Kaltdorf Kristin Verena, Schulze Katja, Helmprobst Frederik, Kollmannsberger Philip, Dandekar Thomas, Stigloher Christian
Division of Electron Microscopy, Biocenter, University of Wuerzburg, Wuerzburg, Germany.
Department of Bioinformatics, Biocenter, University of Wuerzburg, Wuerzburg, Germany.
PLoS Comput Biol. 2017 Jan 5;13(1):e1005317. doi: 10.1371/journal.pcbi.1005317. eCollection 2017 Jan.

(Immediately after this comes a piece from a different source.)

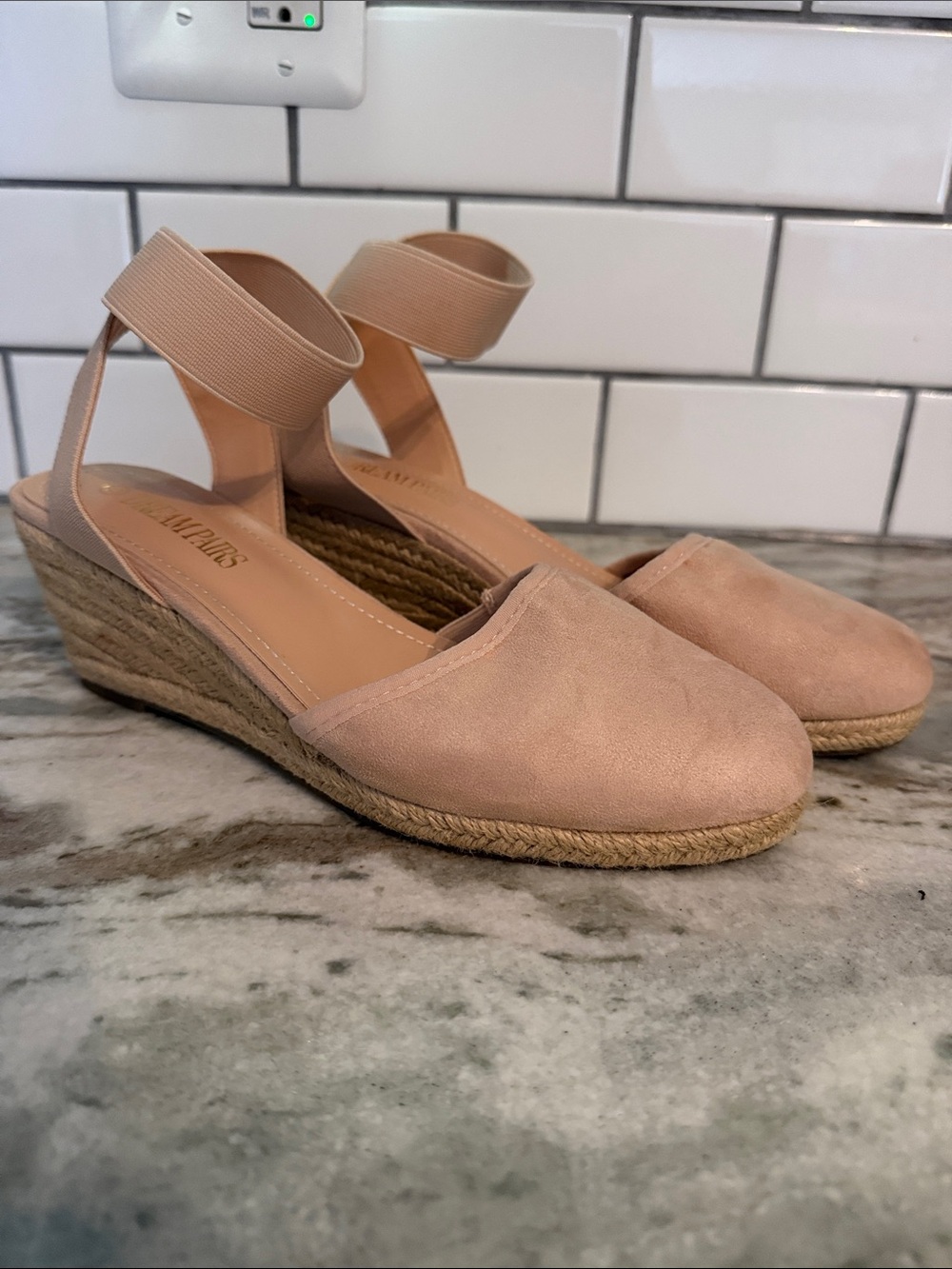 Dream pairs Women’s Ankle-Strap Espadrille Wedge Sandals in Nude Pink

Automatic image reconstruction is critical to cope with steadily increasing data from advanced microscopy. We describe here the Fiji macro 3D ART VeSElecT which we developed to study synaptic vesicles in electron tomograms. We apply this tool to quantify vesicle properties (i) in embryonic Danio rerio 4 and 8 days past fertilization (dpf) and (ii) to compare Caenorhabditis elegans N2 neuromuscular junctions (NMJ) wild-type and its septin mutant (unc-59(e261)). We demonstrate development-specific and mutant-specific changes in synaptic vesicle pools in both models. We confirm the functionality of our macro by applying our 3D ART VeSElecT on zebrafish NMJ showing smaller vesicles in 8 dpf embryos then 4 dpf, which was validated by manual reconstruction of the vesicle pool. Furthermore, we analyze the impact of C. elegans septin mutant unc-59(e261) on vesicle pool formation and vesicle size. Automated vesicle registration and characterization was implemented in Fiji as two macros (registration and measurement). This flexible arrangement allows in particular reducing false positives by an optional manual revision step. Preprocessing and contrast enhancement work on image-stacks of 1nm/pixel in x and y direction. Semi-automated cell selection was integrated. 3D ART VeSElecT removes interfering components, detects vesicles by 3D segmentation and calculates vesicle volume and diameter (spherical approximation, inner/outer diameter). Results are collected in color using the RoiManager plugin including the possibility of manual removal of non-matching confounder vesicles. Detailed evaluation considered performance (detected vesicles) and specificity (true vesicles) as well as precision and recall. We furthermore show gain in segmentation and morphological filtering compared to learning based methods and a large time gain compared to manual segmentation. 3D ART VeSElecT shows small error rates and its speed gain can be up to 68 times faster in comparison to manual annotation. Both automatic and semi-automatic modes are explained including a tutorial.
自动图像重建对于处理来自先进显微镜技术的不断增加的数据至关重要。我们在此描述了我们开发的用于研究电子断层扫描中突触小泡的斐济宏程序3D ART VeSElecT。我们应用此工具来量化(i)受精后4天和8天(dpf)的斑马鱼胚胎中的小泡特性,以及(ii)比较秀丽隐杆线虫N2神经肌肉接头(NMJ)野生型及其septin突变体(unc-59(e261))。我们在两个模型中都证明了突触小泡池的发育特异性和突变特异性变化。通过将我们的3D ART VeSElecT应用于斑马鱼NMJ,我们证实了该宏程序的功能,结果显示8 dpf胚胎中的小泡比4 dpf时更小,这通过手动重建小泡池得到了验证。此外,我们分析了秀丽隐杆线虫septin突变体unc-59(e261)对小泡池形成和小泡大小的影响。在斐济中,自动小泡配准和表征作为两个宏程序(配准和测量)来实现。这种灵活的安排尤其允许通过可选的手动修订步骤减少误报。预处理和对比度增强在x和y方向上1nm/像素的图像堆栈上进行。集成了半自动细胞选择。3D ART VeSElecT去除干扰成分,通过3D分割检测小泡,并计算小泡体积和直径(球形近似,内径/外径)。使用RoiManager插件以彩色收集结果,包括手动去除不匹配的混杂小泡的可能性。详细评估考虑了性能(检测到的小泡)、特异性(真实小泡)以及精度和召回率。与基于学习的方法相比,我们还展示了在分割和形态学滤波方面的优势,与手动分割相比有很大的时间优势。3D ART VeSElecT显示出较小的错误率,与手动注释相比,其速度提升可达68倍。文中解释了自动和半自动模式,包括一个教程。